Technology has leaped to all sorts of spheres and theories of physics have found route to realism through paper and graphics. The bending however has been quite liberal towards forms we could use to commute in a while from now. While lasers have been propounded as useful entities in just about all possible forms, transportation has been eluded thus. Yes, the likes of the WaveRider have been tested to beat speed of sound by about six times, yet laser-propelled engines have only been hypothetical blessings featured for the cause of the mankind.
Implementation devised
Laser-propelled Lighcraft by Leik Myrabo (interview), is perhaps the first entrant that’s tapping lasers to beam itself skywards. Lightcraft’s laser propelled engine is undergoing hypersonic shock tunnel tests in Brazil’s Henry T. Nagamatsu Laboratory of Hypersonics and Aerothermodynamics. Here experts are firmly understanding the laws of refined physics behind heating airspikes with lasers and propelling engines with the same to reach the future of travel, which rests in the ultra-fast, ultrasonic crafts.
Potentials of laser propulsion
Paving a whole new dimension to the way we commute today, the craft with a parabolic mirror in the rear will be heated by pulsing laser beams capable of heating the air to about 5 times the sun’s temperature, in way of a mini- explosions, good enough to take us on transcontinental and orbital rides in under an hour.
An outlook quite ironic
The laser-propelled testing of the Lightcraft very outrightly suggests it as the highest-powered laser propulsion experiment ever performed.
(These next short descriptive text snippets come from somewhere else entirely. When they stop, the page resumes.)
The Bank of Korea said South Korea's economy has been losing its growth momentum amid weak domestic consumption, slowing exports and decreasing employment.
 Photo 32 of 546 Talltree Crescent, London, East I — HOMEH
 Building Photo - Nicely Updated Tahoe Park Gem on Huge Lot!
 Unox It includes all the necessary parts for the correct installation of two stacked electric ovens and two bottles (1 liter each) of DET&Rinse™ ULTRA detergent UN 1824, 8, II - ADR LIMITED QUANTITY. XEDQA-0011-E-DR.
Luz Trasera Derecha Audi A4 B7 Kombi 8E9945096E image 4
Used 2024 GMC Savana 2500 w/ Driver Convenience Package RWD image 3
Though it isn’t the first testing, as Lightcraft prototypes have been experimented with before, but with access to hypersonic shock tunnel that can simulate airstreams reaching Mach 25, and a funding from the United States Air Force and the Brazilian Air Force, Myrabo and his Lightcraft project of a viable future of success.
While Virgin Galactic’s Space Plane is only learning how to take us into space, commercially – laser-propelled aircrafts, if successfully made, could just put it and other projects like it obsolete, and beam us humans and cargo into space, just in a blink of an eye. I am game for the moon!